*Input data*.

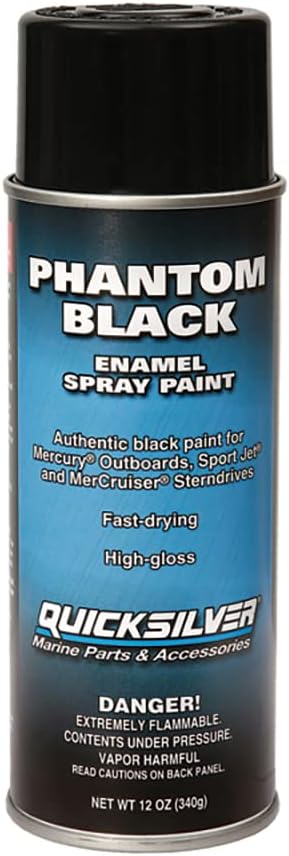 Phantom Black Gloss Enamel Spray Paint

==

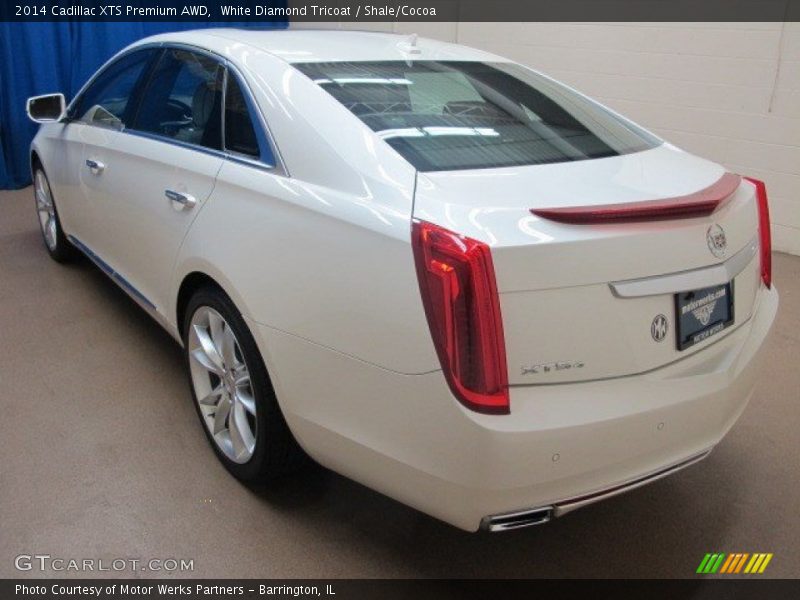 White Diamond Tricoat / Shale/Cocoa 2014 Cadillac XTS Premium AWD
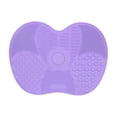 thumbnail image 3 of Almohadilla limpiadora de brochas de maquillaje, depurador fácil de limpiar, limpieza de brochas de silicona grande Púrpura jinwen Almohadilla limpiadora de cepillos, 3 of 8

*Work to complete*. I'd like the lines above repeated exactly, from the one that contains "White Diamond Tricoat" through the one that contains "thumbnail image 3", with no pictures.

*Answer box*.
 White Diamond Tricoat / Shale/Cocoa 2014 Cadillac XTS Premium AWD
 thumbnail image 3 of Almohadilla limpiadora de brochas de maquillaje, depurador fácil de limpiar, limpieza de brochas de silicona grande Púrpura jinwen Almohadilla limpiadora de cepillos, 3 of 8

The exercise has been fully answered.